Она не слышала, что вокруг нее делалось, не понимала, что ей говорили. Все увещания принять пищу были бесполезны, судорожное сжимание горла не пропускало и капли воды. Долго бились доктора и близкие, чтобы вызвать слезы из ее застывших глаз, и только при виде крошечных, осиротелых детей, они, наконец, брызнули неудержимой струей, прекратив это почти каталептическое состояние. Но с возвратом сознания пробудилась острая, жгучая боль того безысходного, сокрушающего горя, следы которого никогда не изгладились.

С пятилетнего возраста я явственно помню мать, и несмотря на то, что ее вторая семейная жизнь согласием и счастьем сложилась почти недосягаемым идеалом, веселой я ее никогда не видала. Мягкий ее голос никогда порывом смеха не прозвучал в моих ушах; тихая, затаенная грусть всегда витала над ней. В зловещие январские дни она сказывалась нагляднее; она удалялась от всякого развлечения, и только в усугубленной молитве искала облегчения страдающей душе.
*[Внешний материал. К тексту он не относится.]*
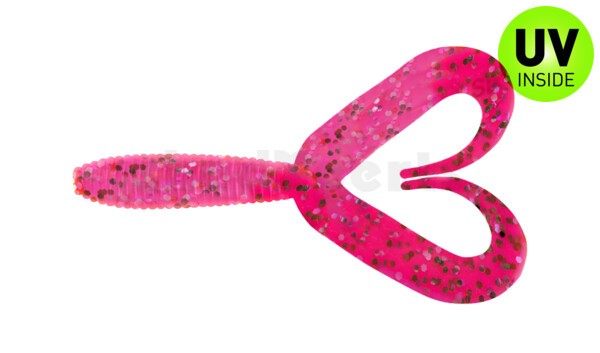 000607DT-042 Twister 3" Doubletail regulär (ca. 9,0 cm) hot pink glitter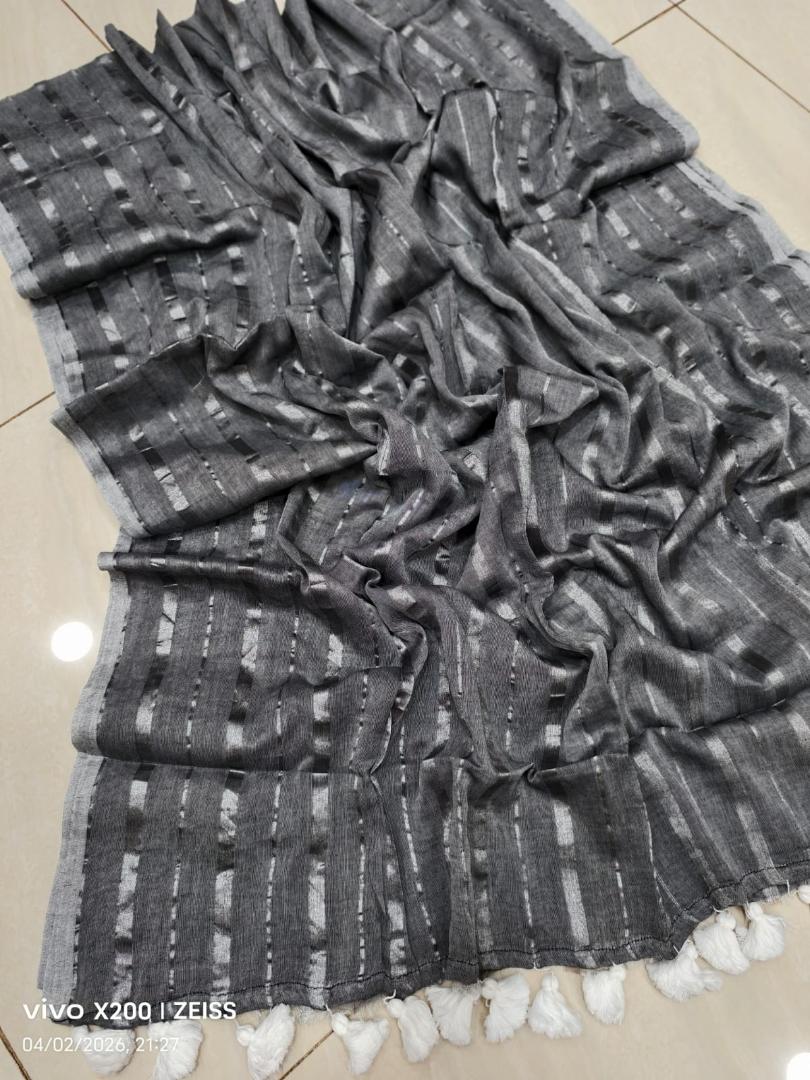 Charcoal Black Pure Mul Cotton Saree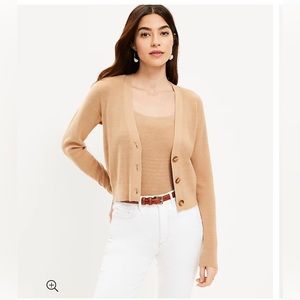 Loft V neck cardigan and tank combo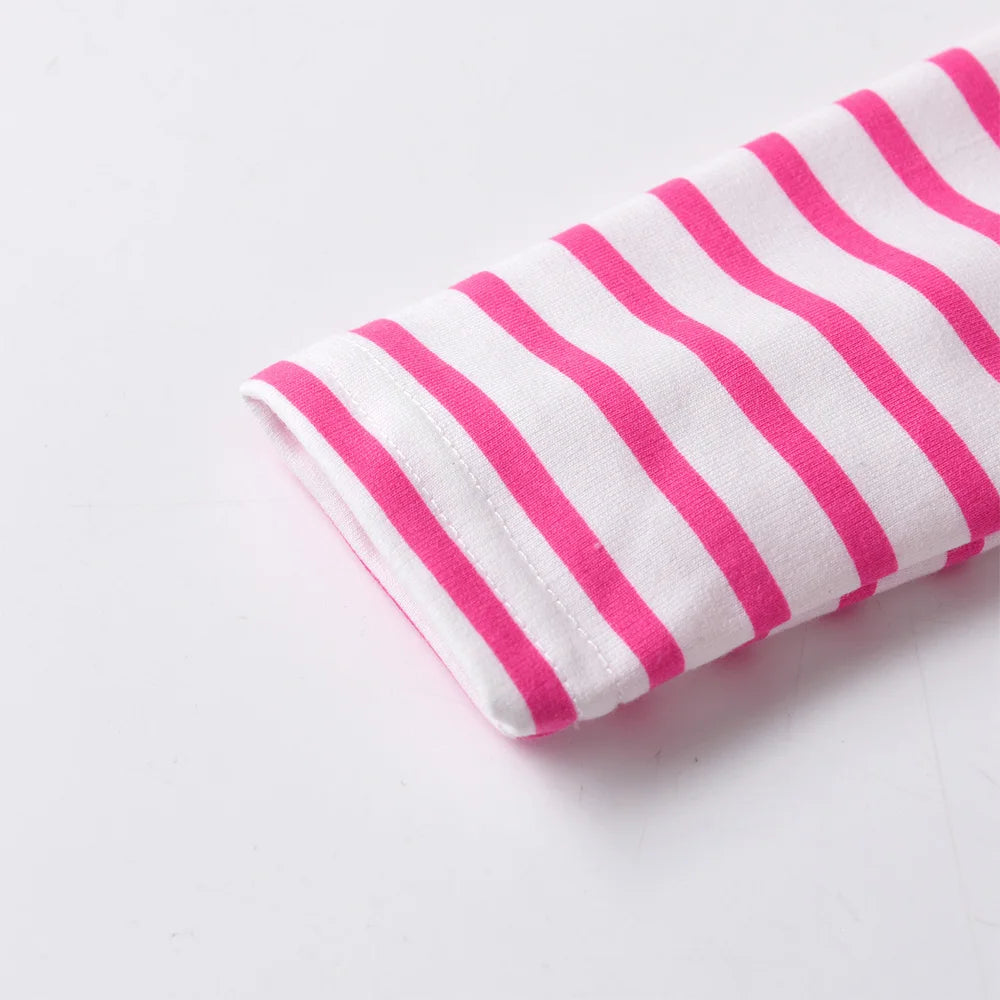 VIKITA Kids Cotton Casual Street Fashion Dress Girls Licorne Butterfly Sequined Appliqued Hooded Dresses Kids Cute Pink Dress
Я росла страшно живой, впечатлительной, бойко-веселой девочкой. Отец был молчалив, невозмутимо спокоен по натуре; людям, поверхностно судившим о нем, он казался холодным и гордым; мать – сосредоточенная, скромная до застенчивости, кротости и доброты необычайных. Хорошо помню, что кто-то из родственников, глядя на меня, удивляясь самобытности моего характера, ничего общего не имевшего с родителями, недоумевающе заметил: «И в кого только она такая уродилась?» Вдумчивый взор матери через мою голову устремился вдаль, и с подавленным вздохом она промолвила:

– В кого? Да в меня. И я когда-то была такая, беззаботная, доверчивая, веселая… Но давно, давно, пока меня еще жизнь не сломила.

VII

Несмотря на все мои старания, мне удалось собрать так мало данных о семилетнем вдовстве матери, что я имела поползновение на этой точке прекратить свое повествование.

Вскоре после смерти Пушкина Наталья Николаевна с сестрою и детьми покинула Петербург, уехав в майоратное имение старшего брата Дмитрия Полотняные Заводы. Говорят, что этим решением она подчинилась предсмертному совету мужа, желавшего ее удаления на время от столичной жизни, с предвиденными им пересудами, толками и нареканиями. Но так как я этого ни от нее, ни непосредственно от близких не слыхала, то утверждать не решаюсь.

Два года продолжалось это добровольное изгнание, и обстоятельства так сложились, что мало отрады принесло оно ей в ее тяжком горе. Покинула она родовое гнездо беззаботным, балованным, обожаемым ребенком, а вернулась с разбитым сердцем, обремененная семьей, в постоянной заботе о насущном хлебе.

Дмитрий Николаевич был человек добрый, весьма ограниченного ума, путаник в делах, которому не под силу было восстановление почти рухнувшего состояния Гончаровых. Слабохарактерный по природе, он находился в полном порабощении у своей жены.

По происхождению из кавказских княжон, но выросшая в бедности, в совершенно другой среде, почти без образования, она с врожденной восточной хитростью сумела его женить на себе как-то невзначай.